When you select groups 1 and 2, you have 3*2 choices, when groups 1 and 3 you have 3*2 choices and when groups 2 and 3 you have 2*2 choices: total = 6 + 6 + 4.

Author:  BrentGMATPrepNow [ 13 May 2019, 10:36 ]
Post subject:  Re: In a room filled with 7 people, 4 people have exactly 1 sibling in the

reply2spg wrote:
In a room filled with 7 people, 4 people have exactly 1 sibling in the room and 3 people have exactly 2 siblings in the room. If two individuals are selected from the room at random, what is the probability that those two individuals are NOT siblings?

A. 5/21
B. 3/7
C. 4/7
D. 5/7
E. 16/21


First we need to recognize that the given information tells us that the 7 people consist of:
- a sibling trio
- a sibling pair
- and another sibling pair

Let's use counting techniques to answer this question

For this question, it's easier to find the complement.
So P(not siblings) = 1 - P(they are siblings)

P(they are siblings) = [# of ways to select 2 siblings] / [total # of ways to select 2 people]

# of ways to select 2 siblings
Case a) 2 siblings from the sibling trio: from these 3 siblings, we can select 2 siblings in 3C2 ways (3 ways)
Case b) 2 siblings from first sibling pair: we can select 2 siblings in 2C2 ways (1 way)
Case c) 2 siblings from second sibling pair: we can select 2 siblings in 2C2 ways (1 way)

So, total number of ways to select 2 siblings = 3+1+1 = 5

total # of ways to select 2 people
We have 7 people and we want to select 2 of them
We can accomplish this in 7C2 ways (21 ways)

So, P(they are siblings) = 5/21

This means P(not siblings) = 1 - 5/21
= 16/21

Answer: E

Cheers,
Brent

Author:  ScottTargetTestPrep [ 18 Sep 2019, 08:54 ]
Post subject:  Re: In a room filled with 7 people, 4 people have exactly 1 sibling in the

reply2spg wrote:
In a room filled with 7 people, 4 people have exactly 1 sibling in the room and 3 people have exactly 2 siblings in the room. If two individuals are selected from the room at random, what is the probability that those two individuals are NOT siblings?

A. 5/21
B. 3/7
C. 4/7
D. 5/7
E. 16/21


Let A, B, C, D, E, F, and G be the 7 people in the room. To satisfy the condition that 4 people have exactly 1 sibling and 3 people have exactly 2 siblings, we can let A and B be siblings (but not to other people), C and D be siblings (but not to other people), and E, F and G are siblings (but not to other people).

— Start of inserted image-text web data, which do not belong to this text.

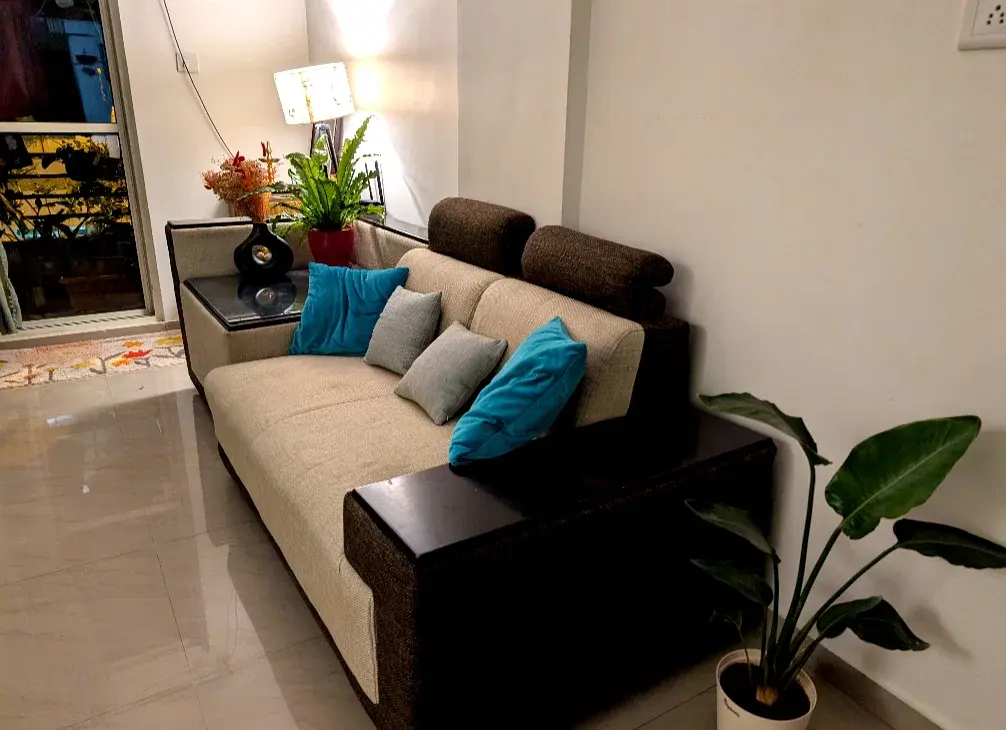 5 Seater Sectional Sofa thumbnail 3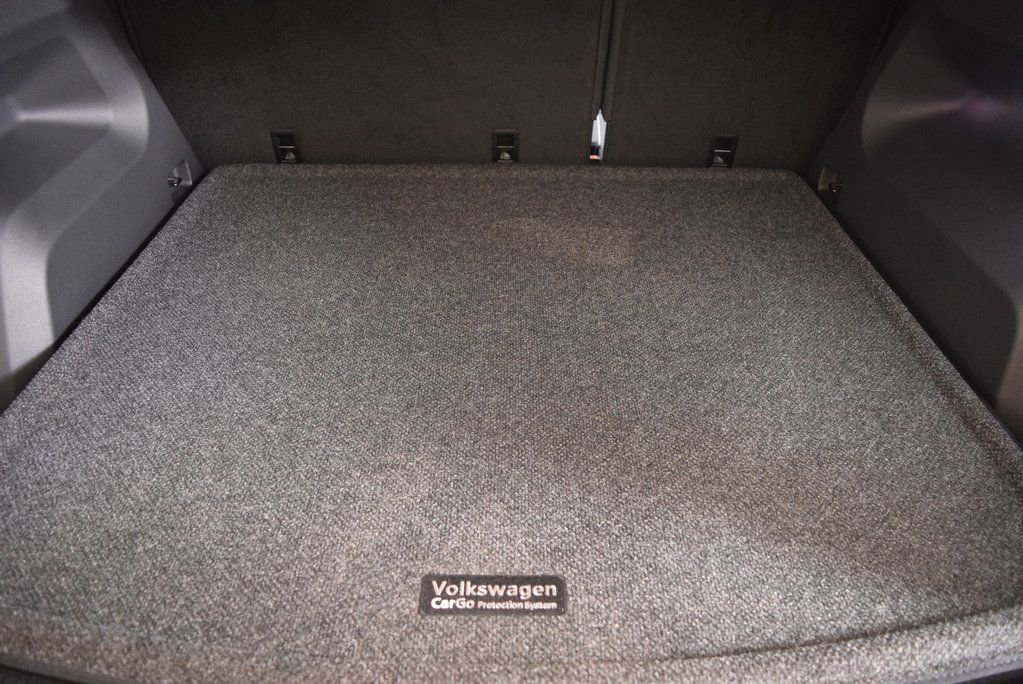 New 2025 Volkswagen Atlas Cross Sport SEL Premium R-Line image 10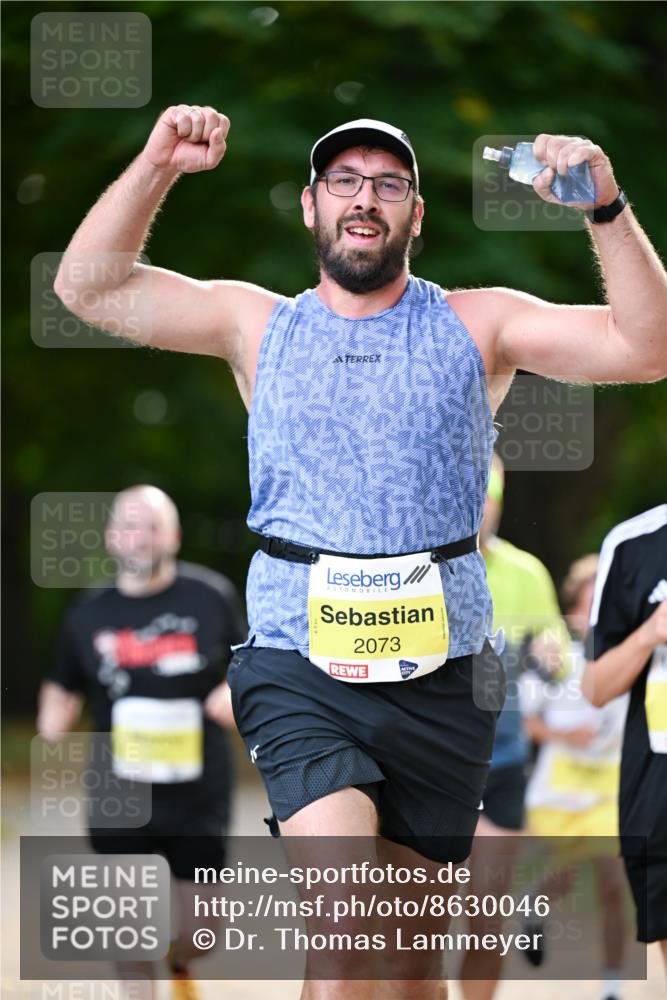 31.08.2025 - 21. Blankeneser Heldenlauf Dr. Thomas Lammeyer http://msf.ph/oto/8630046 31.08.2025 10:10:29 Laufen 2073 meine-sportfotos.de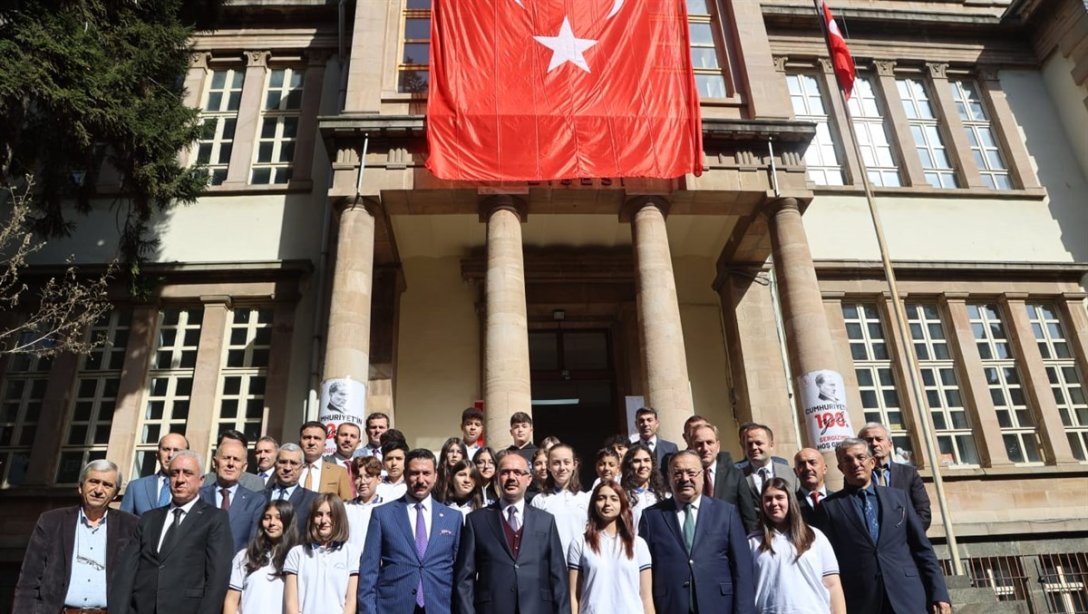 Sayın Valimiz Mehmet Fatih Serdengeçti, Cumhuriyet Sergilerine Katıldı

Let’s consider the probability of how each person is chosen:

If A is chosen first, then B can’t be chosen. So the probability is:

1/7 x 5/6 = 5/42

This probability will be the same if B, C, or D is chosen first.

If E is chosen first, then neither F nor G can be chosen. So the probability is:

1/7 x 4/6 = 4/42

This probability will be the same if F or G is chosen first.

Therefore, the overall probability is:

5/42 x 4 + 4/42 x 3 = 20/42 + 12/42 = 32/42 = 16/21

Alternate Solution:

Notice that 2 people can be chosen out of 7 people in 7C2 = 7!/(5!*2!) = (7 x 6)/2 = 21 ways.

With A, B, C, D, E, F, and G as above, we see that there are 5 ways to choose a sibling pair: A-B, C-D, E-F, E-G and F-G. Thus, 21 - 5 = 16 choices of do not include a sibling pair. Therefore, the probability that the chosen two people are not siblings is 16/21.

Answer: E

Author:  BrentGMATPrepNow [ 09 Dec 2020, 06:12 ]
Post subject:  Re: In a room filled with 7 people, 4 people have exactly 1 sibling in the

reply2spg wrote:
In a room filled with 7 people, 4 people have exactly 1 sibling in the room and 3 people have exactly 2 siblings in the room. If two individuals are selected from the room at random, what is the probability that those two individuals are NOT siblings?

A. 5/21
B. 3/7
C. 4/7
D. 5/7
E. 16/21


First we need to recognize that the given information tells us that the 7 people consist of:
- a sibling trio, which we'll call "the TRIPLETS"
- a sibling pair, which we'll call "the TWINS"
- and another sibling pair, which we'll also call "the TWINS"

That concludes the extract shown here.